Gravenberch sauve les Pays-Bas d'une débâcle face au Japon

Par Thomas Durand··4 min de lecture·Source: Footmercato

Le milieu de terrain de Liverpool offre deux passes décisives dans un match nul (2-2) compliqué pour les Oranges. Un résultat qui expose les fragilités défensives des Néerlandais en ouverture du groupe F.

Gravenberch sauve les Pays-Bas d'une débâcle face au Japon

Ryan Gravenberch n'a pas attendu que la tempête apaisisse avant de respirer. Alors que les Pays-Bas vacillaient sur le terrain d'Arlington, le joueur de Liverpool a inscrit deux passes décisives qui ont sauvé sa sélection d'une première humiliation en Coupe du monde. Ce nul 2-2 face au Japon, obtenu tant bien que mal en première journée du groupe F, raconte bien plus qu'un simple partage des points : il expose les fragilités d'une équipe censée incarner le football total et qui se retrouve happée par le doute.

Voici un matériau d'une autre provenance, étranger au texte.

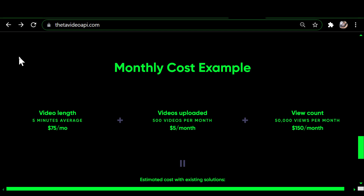On the left it says video length, five minute average cost $75 per month. In the middle it says videos uploaded, 500 videos per month at a cost of $5 per month. And on the right, view count shows 50,000 views per month at a cost of $150.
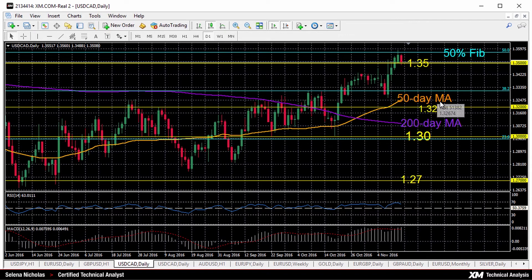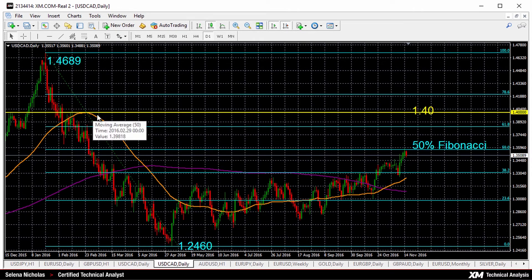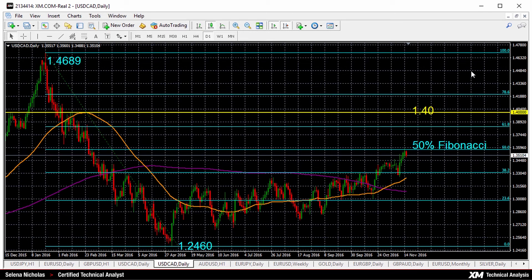This bullish market structure is suggestive of further gains. The next target would be the 61.8 Fibonacci at 1.3835. Above this there would be strong resistance at a key psychological level of 1.40, which is also the February high and the top of the 50-day moving average. It would need to be cleared to see continued gains towards around 1.4209, which is the 78.6 Fibonacci, and then we could see a move towards the peak of 1.4689.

Quand la jeunesse compense l'expérience

À twenty-two ans, Gravenberch n'a pas le profil du sauveur habituel des grands tournois. Ses débuts sous le maillot néerlandais datent de février 2022 ; il ne compte qu'une soixantaine de sélections avant cette Coupe du monde 2026. Pourtant, face aux Japonais, c'est précisément cette jeunesse, cette fraîcheur tactique qui a permis aux Pays-Bas de ne pas sombrer. Ses deux passes décisives — l'une pour une réalisation en première période, l'autre en seconde — révèlent une compréhension du jeu en construction, une capacité à anticiper les mouvements avant qu'ils ne s'opèrent.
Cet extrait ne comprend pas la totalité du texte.